His heart was hammering, his hands were cold, fingers gripping the door-handle much too tightly. Clive had not expected ever to see Maurice again, not after the shocking and disturbing encounter several years ago, after which Maurice Hall had turned his back not just on Clive but on everything he valued - his family, his friends, his profession, society - and disappeared. Naturally Clive had not told anyone that Maurice had run away with Clive's own under-gamekeeper, but the knowledge, stupefying and unsettling for reasons Clive did not choose to examine too closely, had gnawed at him. They had been such good friends, once.

And now, here Maurice was, right in front of Clive, so close Clive could have called out and Maurice could not but hear. But Clive just stood there, frozen, still staring at the haggard form he remembered so clearly playing cricket or rowing a boat on the Cam. He was not visibly injured, but when he shifted his weight, Clive noticed a slight limp, an unevenness in his stance. Maurice had been wounded in action, part of the regular infantry, not the officer he had been born to be - and all because of a tragic flaw in his character that kept on stirring up things that should not be disturbed.

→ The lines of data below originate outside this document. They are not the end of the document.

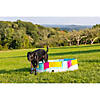 BigMouth Rainbow Hard Side Dog Pool Image 3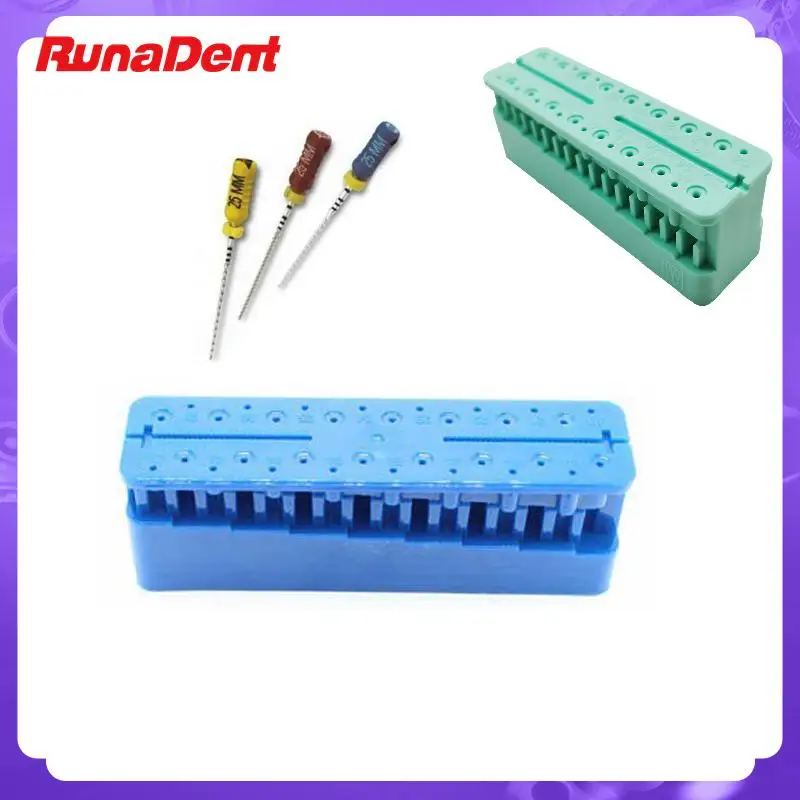 

Dental Materials Root Canal Measuring Table Oral Dental Equipment Root Canal Measuring Table Measuring Gum Tip Measuring Ruler
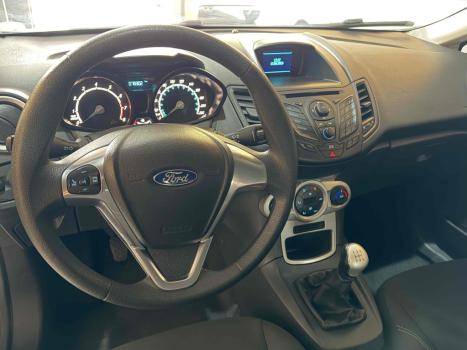 FORD Fiesta Hatch 1.0 4P SE PLUS FLEX, Foto 9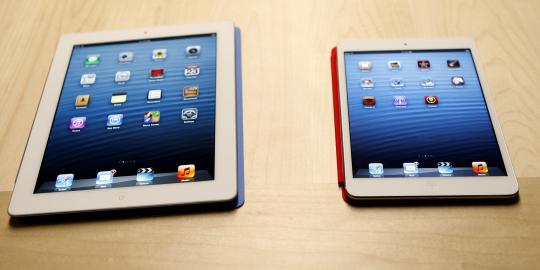 iPad Mini dan iPad 4 dapat diskon dari Apple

Clive had almost resolved to feel nothing but pity for the man. But then Maurice laughed, unselfconsciously, in a way Clive realized he had not heard since their days in school, before Clive had been forced to put some necessary distance between them by Maurice's ill-advised impulses. Maurice moved a bit to the left, allowing Clive to see the man that was apparently the cause of the laughter - it was the under-gamekeeper, Scuddins or something similar. He was sitting on a low wall, a pair of crutches next to him, but he was smiling at Maurice.

Clive was surprised by the bitter taste in his mouth. What business had this... this uneducated simpleton to look at Maurice like that, as if they shared something special, something no one else had any business intruding on. They were not touching, or Clive might have been forced to report them to the commanding officer, but their bodies were angled towards each other in a way that Clive found almost obscenely intimate.

Maurice leaned forward and Clive started, but it was only to light a cigarette dangling from his companion's mouth. They shared another smile and then settled onto the wall side by side, resting companionably, and Clive tore his eyes away forcefully before either one would notice him. He slid into the car and started it so violently it almost died again. He did not look back.